It’s never been easy being a female in the world of STEM (science, technology, engineering, and mathematics). Part of the problem is the dearth of females in these fields—an issue that begins early on in school when girls are discouraged from pursuing them. A crop of programs have popped up to change the ratio of girls in STEM, including Girls Who Code and SMU’s Engineering Camp For Girls. But why not give interested young girls a chance to explore the world of science and engineering at home—even if they’re not interested in K’NEX and Erector sets? (And yes, we know that plenty of girls are interested in those things). We’ve come up with a handful of gifts designed for the girl geek in your life.
Devised by Debbie Sterling, a Stanford-educated engineer, GoldieBlox is a brand new series of construction toys and books for girls that focuses on a young blond girl named Goldie who lives in what Sterling described to us as a "crazy engineering house," chock full of moving parts and gears.
In GoldieBlox and the Spinning Machine, the first set in the series, Goldie—and the kid playing with the construction set—attempt to create a so-called spinning machine for a dog named Nacho who loves running in circles. It doesn’t stop there: girls are encouraged to also spin a cat named Benjamin Cranklin, a dolphin ballerina named Katinka, Phil the sloth, a bear from Brazil named Flavio. The set, which comes with wheels, a pegboard, axles, blocks, a crank, a ribbon, and washers, is appropriate for ages 5 to 9. It costs $29.99 to pre-order here. Estimated delivery is April 2013—so you’ll have to give a teaser gift for the holidays.

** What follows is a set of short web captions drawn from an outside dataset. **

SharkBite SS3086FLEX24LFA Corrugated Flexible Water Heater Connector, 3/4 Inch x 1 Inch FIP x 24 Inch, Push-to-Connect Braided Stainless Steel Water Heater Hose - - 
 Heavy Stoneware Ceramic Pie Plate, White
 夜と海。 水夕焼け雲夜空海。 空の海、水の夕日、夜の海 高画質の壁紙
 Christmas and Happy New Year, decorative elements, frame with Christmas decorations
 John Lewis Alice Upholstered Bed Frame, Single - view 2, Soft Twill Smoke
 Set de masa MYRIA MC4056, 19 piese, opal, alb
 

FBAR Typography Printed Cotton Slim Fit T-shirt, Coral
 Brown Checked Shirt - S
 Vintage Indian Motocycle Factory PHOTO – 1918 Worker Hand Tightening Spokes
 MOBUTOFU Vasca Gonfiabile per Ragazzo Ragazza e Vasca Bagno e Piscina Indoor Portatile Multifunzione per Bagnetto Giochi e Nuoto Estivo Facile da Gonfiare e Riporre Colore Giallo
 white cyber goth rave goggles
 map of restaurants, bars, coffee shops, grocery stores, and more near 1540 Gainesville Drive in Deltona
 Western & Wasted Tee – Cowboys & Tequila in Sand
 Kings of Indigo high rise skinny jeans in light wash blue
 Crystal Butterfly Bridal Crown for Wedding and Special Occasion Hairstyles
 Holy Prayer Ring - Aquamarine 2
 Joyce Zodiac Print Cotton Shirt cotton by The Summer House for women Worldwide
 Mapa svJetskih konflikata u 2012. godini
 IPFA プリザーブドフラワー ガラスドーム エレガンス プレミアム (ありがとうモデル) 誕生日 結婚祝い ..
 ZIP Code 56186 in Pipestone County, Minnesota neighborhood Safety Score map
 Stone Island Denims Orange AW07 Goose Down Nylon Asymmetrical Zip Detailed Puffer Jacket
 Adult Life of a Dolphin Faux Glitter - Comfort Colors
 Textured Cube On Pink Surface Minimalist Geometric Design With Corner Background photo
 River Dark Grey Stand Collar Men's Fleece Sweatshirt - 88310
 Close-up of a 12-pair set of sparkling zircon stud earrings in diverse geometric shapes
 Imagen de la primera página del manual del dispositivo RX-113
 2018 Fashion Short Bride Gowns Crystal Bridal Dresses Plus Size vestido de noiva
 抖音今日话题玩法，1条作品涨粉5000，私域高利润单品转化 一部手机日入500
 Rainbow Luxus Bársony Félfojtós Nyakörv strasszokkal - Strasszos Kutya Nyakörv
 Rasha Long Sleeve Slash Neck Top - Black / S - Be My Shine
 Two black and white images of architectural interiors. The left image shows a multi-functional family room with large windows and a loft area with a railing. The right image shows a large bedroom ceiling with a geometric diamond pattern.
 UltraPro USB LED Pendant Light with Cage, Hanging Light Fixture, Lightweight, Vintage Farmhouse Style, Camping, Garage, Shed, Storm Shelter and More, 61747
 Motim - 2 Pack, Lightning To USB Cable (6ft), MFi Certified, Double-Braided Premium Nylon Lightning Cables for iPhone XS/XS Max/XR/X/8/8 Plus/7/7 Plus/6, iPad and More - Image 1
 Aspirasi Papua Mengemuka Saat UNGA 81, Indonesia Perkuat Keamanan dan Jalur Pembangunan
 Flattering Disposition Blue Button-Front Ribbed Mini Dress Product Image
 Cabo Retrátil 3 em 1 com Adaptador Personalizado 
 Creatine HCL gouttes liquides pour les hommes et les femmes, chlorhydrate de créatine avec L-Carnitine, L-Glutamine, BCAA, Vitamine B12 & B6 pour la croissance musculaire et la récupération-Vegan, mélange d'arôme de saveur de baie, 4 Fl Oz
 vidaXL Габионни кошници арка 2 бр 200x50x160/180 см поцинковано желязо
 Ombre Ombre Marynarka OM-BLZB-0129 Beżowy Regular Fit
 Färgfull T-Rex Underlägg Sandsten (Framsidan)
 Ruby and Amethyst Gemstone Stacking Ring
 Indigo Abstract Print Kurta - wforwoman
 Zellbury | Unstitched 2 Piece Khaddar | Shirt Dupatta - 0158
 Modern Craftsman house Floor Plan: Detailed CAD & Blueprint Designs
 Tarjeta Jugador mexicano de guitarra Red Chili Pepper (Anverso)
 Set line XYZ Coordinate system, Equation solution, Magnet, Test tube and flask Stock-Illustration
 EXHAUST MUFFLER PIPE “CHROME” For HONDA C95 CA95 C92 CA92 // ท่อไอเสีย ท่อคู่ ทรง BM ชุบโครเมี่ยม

A triad of women who studied mechanical engineering, neuroscience, and electrical engineering created Roominate, a modular hacker dollhouse that comes with connectable circuits. Alice Brooks, one of the designers, told Co.Design: "We started with a toy that girls already love, and added educational components that make the toy even more engaging."
The original Roominate comes with four combination dry erase walls and floor panels, a complete circuit, 24 modular pieces for building furniture, decorations, and 16 connectors. The $59 toy is intended for ages 6 to 10. Expanded versions of the Roominate, including the Roominate Suite and Chateau de Roominate, are also available on the Roominate site.
Slightly older girls (11 and up) might enjoy the $199 Hummingbird robotics kit, created by BirdBrain Technologies (a spin-off from Carnegie Mellon University). The kit comes with four sub-kits: a light and vibration set with 10 multi-colored LEDs and two vibration motors; a control set that comes with an auxiliary motor power supply, a USB cable, and a screwdriver; a motion that includes DC motors and servos; and a sensing kit that contains sound, temperature, distance, light sensors along with a rotary knob; basically, anything you would need to build the robot of your dreams.
The possibilities are virtually endless. One group of high school kids from West Virginia used the kit to build a dragon with flapping wings and a replica of R2D2. Seventh and eighth graders from the Allegheny Valley School District built scenes from poetry—one group made a robotic interpretation of Grass by Carl Sandburg’s poem that contained a world map with LEDs indicating battle sites and a motorized toy train to bring clay bodies to a mini cemetery. There’s nothing specifically female-oriented about the Hummingbird; it would make a great gift for any kid interested in robotics. The kit is available for purchase here.